And then there are other bands who manage to cram so many ideas into what they do, that it's hard to describe who they are, what they sound like and whether you'd like them. Which doesn't make it easy to review. MEWITHOUTYOU are, of course, in this category, and what follows is a noble attempt to give you a fair idea of what this might sound like.

Mewithoutyou have managed to cultivate their sound to the extent that they're already willing to mess around with the formula. This album is experimental from start to finish, and although they have definitive sound, nothing sounds the same. The tone changes within songs all of the time and each track is something of a journey.

It's not prog-rock, but it certainly twists and turns. The combination of spoken word sections in and amongst the melodies work, and it isn't over-used. It's not the centre piece of the songs that feature it (such as 'The Dryness and the Rain'), just another element.

The album opens with 'Messes of Men,' which showcases the loud-quiet element of the band that is perhaps the most consistently present start of this album. There's a little bit of poem-style intro, then we're in with the shouting, and the tortured heartbroken wailing. Wicked.   

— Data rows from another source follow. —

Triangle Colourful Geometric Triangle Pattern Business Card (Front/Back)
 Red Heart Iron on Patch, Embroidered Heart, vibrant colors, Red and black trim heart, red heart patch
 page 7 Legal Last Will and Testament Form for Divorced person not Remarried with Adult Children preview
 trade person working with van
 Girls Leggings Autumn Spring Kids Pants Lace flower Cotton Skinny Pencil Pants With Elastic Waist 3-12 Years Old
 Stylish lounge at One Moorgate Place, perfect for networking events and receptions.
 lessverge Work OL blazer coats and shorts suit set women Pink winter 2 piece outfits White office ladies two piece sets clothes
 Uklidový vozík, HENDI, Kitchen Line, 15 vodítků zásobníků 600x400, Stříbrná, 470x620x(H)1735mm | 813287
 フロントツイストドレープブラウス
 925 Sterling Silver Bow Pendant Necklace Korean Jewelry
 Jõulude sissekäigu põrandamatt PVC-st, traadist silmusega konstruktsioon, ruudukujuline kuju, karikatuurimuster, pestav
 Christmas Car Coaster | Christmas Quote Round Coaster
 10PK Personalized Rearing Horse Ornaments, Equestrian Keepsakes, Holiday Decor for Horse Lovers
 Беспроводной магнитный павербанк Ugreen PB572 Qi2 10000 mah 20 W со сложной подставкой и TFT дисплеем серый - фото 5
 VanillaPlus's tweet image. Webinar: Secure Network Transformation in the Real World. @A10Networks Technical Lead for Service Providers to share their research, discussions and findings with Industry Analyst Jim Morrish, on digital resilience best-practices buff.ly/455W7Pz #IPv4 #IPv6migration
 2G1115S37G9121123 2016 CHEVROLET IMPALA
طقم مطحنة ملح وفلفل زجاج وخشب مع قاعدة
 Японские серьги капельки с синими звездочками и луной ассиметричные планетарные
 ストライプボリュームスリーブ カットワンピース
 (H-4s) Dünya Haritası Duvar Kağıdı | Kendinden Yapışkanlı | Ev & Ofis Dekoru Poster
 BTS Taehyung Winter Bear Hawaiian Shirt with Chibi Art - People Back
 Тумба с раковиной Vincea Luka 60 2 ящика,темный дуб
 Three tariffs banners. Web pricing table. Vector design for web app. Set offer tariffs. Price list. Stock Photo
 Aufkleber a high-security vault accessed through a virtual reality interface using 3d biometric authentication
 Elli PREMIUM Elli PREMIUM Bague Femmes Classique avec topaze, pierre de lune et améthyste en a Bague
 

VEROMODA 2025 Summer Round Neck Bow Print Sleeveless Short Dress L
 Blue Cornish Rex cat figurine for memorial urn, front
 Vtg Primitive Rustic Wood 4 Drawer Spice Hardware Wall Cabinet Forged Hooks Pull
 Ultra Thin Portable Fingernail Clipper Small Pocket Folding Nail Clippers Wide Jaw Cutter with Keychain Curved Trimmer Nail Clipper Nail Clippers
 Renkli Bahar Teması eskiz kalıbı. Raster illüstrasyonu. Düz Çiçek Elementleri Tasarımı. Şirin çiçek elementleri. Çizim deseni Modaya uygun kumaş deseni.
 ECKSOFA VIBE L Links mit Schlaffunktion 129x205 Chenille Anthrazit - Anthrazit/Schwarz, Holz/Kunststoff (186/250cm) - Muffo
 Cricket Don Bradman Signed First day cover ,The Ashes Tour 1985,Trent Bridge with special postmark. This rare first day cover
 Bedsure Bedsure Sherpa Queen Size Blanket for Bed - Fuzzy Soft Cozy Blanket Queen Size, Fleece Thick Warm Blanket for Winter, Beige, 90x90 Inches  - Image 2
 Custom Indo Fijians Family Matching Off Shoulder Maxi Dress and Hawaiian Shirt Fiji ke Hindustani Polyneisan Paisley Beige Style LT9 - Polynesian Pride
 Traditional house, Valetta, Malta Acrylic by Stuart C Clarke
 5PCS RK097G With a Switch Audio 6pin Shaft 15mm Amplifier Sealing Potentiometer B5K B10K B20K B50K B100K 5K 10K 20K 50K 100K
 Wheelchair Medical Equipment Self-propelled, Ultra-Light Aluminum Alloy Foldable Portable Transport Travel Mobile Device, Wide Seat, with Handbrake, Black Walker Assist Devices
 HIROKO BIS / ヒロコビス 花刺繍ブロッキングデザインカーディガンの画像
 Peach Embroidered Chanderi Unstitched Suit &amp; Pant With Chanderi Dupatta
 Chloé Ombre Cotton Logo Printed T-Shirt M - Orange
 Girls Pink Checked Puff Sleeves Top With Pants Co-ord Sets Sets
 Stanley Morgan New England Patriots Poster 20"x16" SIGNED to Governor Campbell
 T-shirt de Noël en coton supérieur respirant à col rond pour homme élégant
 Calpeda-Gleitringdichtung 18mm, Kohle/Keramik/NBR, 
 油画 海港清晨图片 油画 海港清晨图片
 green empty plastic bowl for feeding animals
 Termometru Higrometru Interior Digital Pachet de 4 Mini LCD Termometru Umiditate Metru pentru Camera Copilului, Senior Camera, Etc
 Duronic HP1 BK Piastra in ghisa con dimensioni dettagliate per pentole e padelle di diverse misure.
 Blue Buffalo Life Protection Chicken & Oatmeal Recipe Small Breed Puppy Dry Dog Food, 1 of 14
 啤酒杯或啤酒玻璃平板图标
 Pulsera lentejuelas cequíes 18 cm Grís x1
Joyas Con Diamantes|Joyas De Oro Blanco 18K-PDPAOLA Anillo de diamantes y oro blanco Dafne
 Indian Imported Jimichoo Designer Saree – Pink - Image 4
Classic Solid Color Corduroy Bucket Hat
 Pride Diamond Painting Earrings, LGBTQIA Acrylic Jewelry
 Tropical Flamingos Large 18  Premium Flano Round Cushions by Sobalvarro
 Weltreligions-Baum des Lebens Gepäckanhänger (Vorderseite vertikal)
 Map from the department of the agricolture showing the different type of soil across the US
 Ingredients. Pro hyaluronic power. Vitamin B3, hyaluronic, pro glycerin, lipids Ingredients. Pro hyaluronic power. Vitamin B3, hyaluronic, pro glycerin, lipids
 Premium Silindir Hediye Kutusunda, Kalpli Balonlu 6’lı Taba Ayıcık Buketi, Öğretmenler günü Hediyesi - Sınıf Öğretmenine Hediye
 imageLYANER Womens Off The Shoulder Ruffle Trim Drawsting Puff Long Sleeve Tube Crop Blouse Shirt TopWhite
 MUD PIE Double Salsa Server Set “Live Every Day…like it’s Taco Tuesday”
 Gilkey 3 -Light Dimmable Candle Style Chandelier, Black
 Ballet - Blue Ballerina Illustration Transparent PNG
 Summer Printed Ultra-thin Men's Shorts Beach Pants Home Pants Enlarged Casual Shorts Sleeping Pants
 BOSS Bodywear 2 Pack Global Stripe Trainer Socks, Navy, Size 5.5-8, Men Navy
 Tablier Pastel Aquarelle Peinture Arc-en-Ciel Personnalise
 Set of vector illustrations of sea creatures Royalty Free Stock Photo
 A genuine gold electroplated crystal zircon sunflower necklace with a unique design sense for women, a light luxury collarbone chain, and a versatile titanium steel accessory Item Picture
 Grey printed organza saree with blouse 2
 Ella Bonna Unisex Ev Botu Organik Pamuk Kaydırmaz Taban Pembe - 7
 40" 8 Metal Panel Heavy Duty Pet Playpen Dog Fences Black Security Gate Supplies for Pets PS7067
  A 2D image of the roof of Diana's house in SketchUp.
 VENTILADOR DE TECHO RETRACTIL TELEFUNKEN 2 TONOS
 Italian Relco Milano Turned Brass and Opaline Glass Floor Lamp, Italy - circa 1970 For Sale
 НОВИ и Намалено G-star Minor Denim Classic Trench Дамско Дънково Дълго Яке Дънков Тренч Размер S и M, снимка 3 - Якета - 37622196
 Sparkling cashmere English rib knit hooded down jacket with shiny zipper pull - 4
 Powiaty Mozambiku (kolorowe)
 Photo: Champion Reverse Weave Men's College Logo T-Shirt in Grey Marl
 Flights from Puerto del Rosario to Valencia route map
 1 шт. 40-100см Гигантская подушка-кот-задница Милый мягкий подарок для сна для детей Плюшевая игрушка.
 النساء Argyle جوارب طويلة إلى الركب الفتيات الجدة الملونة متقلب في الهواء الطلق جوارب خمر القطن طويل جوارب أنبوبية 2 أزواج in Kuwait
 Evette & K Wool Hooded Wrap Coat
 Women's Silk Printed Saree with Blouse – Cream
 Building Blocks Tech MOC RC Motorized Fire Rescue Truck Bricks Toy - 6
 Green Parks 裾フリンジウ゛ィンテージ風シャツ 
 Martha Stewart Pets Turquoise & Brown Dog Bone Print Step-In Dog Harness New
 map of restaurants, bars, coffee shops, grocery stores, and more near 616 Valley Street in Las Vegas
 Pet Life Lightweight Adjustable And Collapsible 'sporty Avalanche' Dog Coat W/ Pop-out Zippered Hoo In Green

'Wolf Am I! (and Shadow)' is punk rock to make Gallows quiver, yet as explodes to a finish, the next track is 'Yellow Spider' – a geeky little art-rock number (with counterparts in 'Orange Spider' and, later 'Brownish Spider' – collectively a triology that The Decemberists would love to command). Pixies style screaming

It's an extreme album – 'A Glass Can Only Spill What It Contains' could be Bright Eyes' angriest ever song, 'The Sun and the Moon' is how Pixies would sound now, and 'C-Minor' is the sound of an extremely drunk and messy Arcade Fire.   

The mood of each song is conveyed perfectly – the anger is livid, the timidness is literally hiding around the corner. It's pretty and spiteful, at different times, but often in the same songs. The changes are seamless, it would seem, and the twists and turns within the songs feel very natural. Aaron Weiss's vocals lead the mood (it's a great voice, used in many different ways, all of it natural), but it's the music itself that delivers the emotion.

There is a definite collective sound to this band – many instruments making guest appearances as and when they are required, without things like the accordian becoming the gimmick. It's dark, for sure, but also uplifting – and not in a contrary way. The pace is pretty fast all of the way through, allowing for brief moments of relaxing lullabies, and it's relentless even to the end. It's kind of a concept album (at least with the various spiders), but it's more a many concepts album.     

Other moments also sound like Tapes 'n' Tapes, Mercury Rev, British Sea Power, iForward Russia!, The Decemberists, Nick Cave and The Desceparacidos and many, many more. This is merely a guide. More than anything, they sound like themselves, and it a sound that we need to hear more of. This album is chaotic, but an absolute treat in terms of ideas and how well they all work together. It has a raw quality to it that leaves you hoping they never over-produce themselves. The live show will probably be incredible. This album is special; listen to it for yourself, for this review doesn't do it justice.